Federasi Sepak Bola Portugal sedang mempersiapkan banding ke FIFA untuk mengurangi skorsing tiga pertandingan Cristiano Ronaldo setelah kartu merahnya dalam kekalahan 2-0 Portugal dari Republik Irlandia. Larangan tersebut mengancam menyingkirkan pemain berusia 40 tahun dari kualifikasi Piala Dunia kunci dan potensial pertandingan pembuka turnamen.

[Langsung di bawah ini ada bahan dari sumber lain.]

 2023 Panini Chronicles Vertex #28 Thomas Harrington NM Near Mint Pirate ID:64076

Kasus Portugal menyoroti suasana yang bermusuhan, provokasi fisik, dan catatan disiplin bersih Ronaldo.
Cristiano Ronaldo menerima kartu merah langsung selama kekalahan 2-0 Portugal dari Republik Irlandia di Aviva Stadium di Dublin pada hari Kamis. Pengusiran itu terjadi setelah VAR meninjau insiden di mana Ronaldo dianggap telah menyikut bek Dara O’Shea di dalam kotak penalti, awalnya ditunjukkan sebagai kartu kuning sebelum ditingkatkan.

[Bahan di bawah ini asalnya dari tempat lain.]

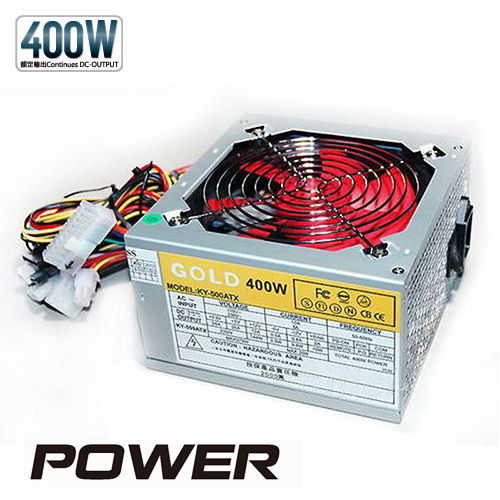 GOLD  400W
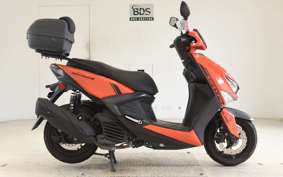 YAMAHA CYGNUS Griffus 2003 SEJ4J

Federasi Sepak Bola Portugal (FPF), yang dipimpin oleh presiden Pedro Proenca, sedang menyiapkan keluhan formal ke FIFA dengan tujuan membatasi skorsing menjadi satu pertandingan. Argumen tiga cabang mereka mencakup lingkungan 'musuh' di stadion, yang dipengaruhi oleh komentar pra-pertandingan manajer Irlandia Heimir Hallgrimsson yang menuduh Ronaldo 'mengendalikan wasit' dalam kemenangan 1-0 Portugal di pertandingan balik. Mereka juga mengutip pergulatan fisik berulang dengan O’Shea, menunjukkan bahwa Ronaldo bereaksi secara insting, dan menekankan rekornya yang sempurna dengan 226 penampilan internasional tanpa kartu merah sebelumnya.

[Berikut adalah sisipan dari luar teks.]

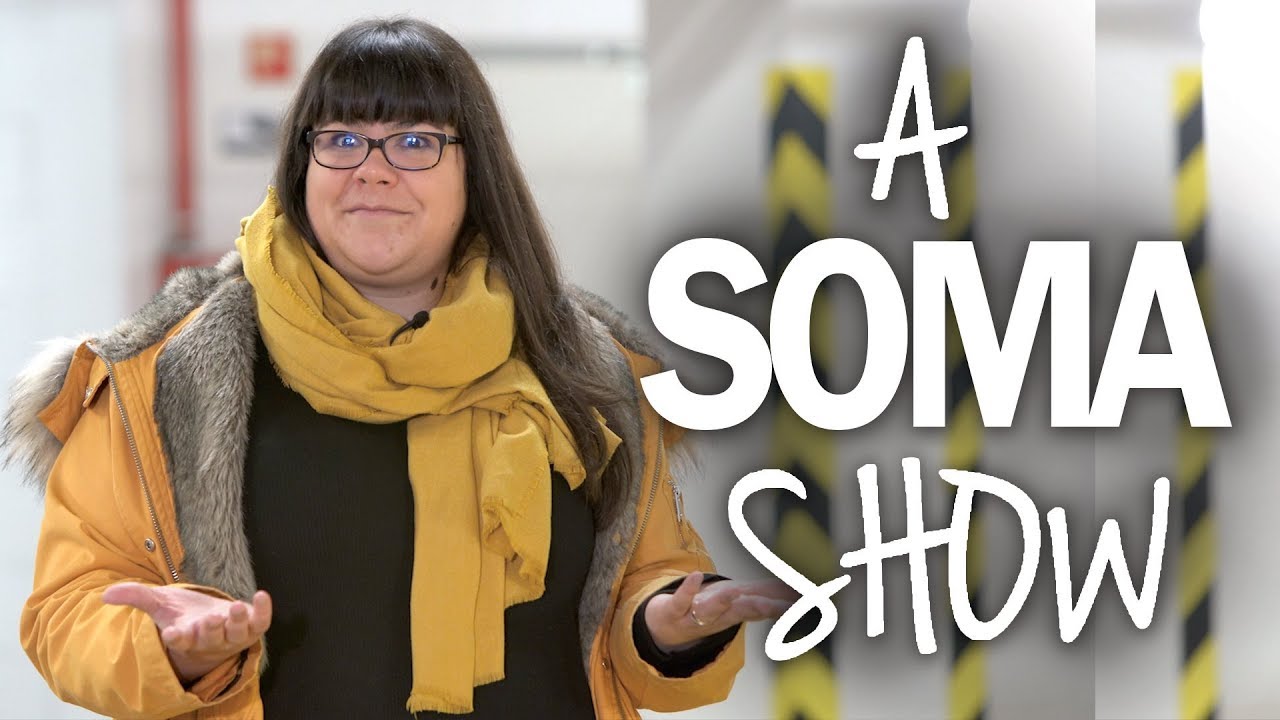 A Soma Show - Ráskó Eszter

Berdasarkan keputusan saat ini, Ronaldo akan melewatkan kualifikasi Piala Dunia terakhir Portugal melawan Armenia pada hari Minggu di Porto. Jika Portugal memimpin Grup F dengan kemenangan – saat ini dua poin di depan Hungaria – larangan tersebut bisa meluas ke dua pertandingan pertama Piala Dunia 2026 di Amerika Serikat, Kanada, dan Meksiko, atau ke playoff jika diperlukan.
Pelatih Portugal Roberto Martinez membela Ronaldo pasca-pertandingan, menyatakan: 'Kartu merah itu hanyalah seorang kapten yang belum pernah diusir sebelumnya dalam 226 pertandingan. Saya pikir itu pantas mendapat pujian dan hari ini, saya pikir itu agak keras karena dia peduli dengan tim. Dia berada di kotak selama 60 menit atau 58 menit, digenggam, ditarik, didorong.' Ia menambahkan kritik terhadap pernyataan Hallgrimsson dan reaksi O’Shea.
Hallgrimsson merespons pertukaran Ronaldo di lapangan: 'Dia memuji saya karena menekan wasit. Itu tindakannya di lapangan yang membuatnya mendapat kartu merah. Itu tidak ada hubungannya dengan saya, kecuali saya masuk ke kepalanya.'
FIFA belum mengumumkan jadwal untuk putusannya, yang biasanya dikeluarkan tiga minggu setelah jendela internasional. Kemenangan atas Armenia akan mengamankan kualifikasi langsung Portugal, memungkinkan Ronaldo mengejar penampilan keenam di Piala Dunia meskipun ketidakpastian yang mengintai.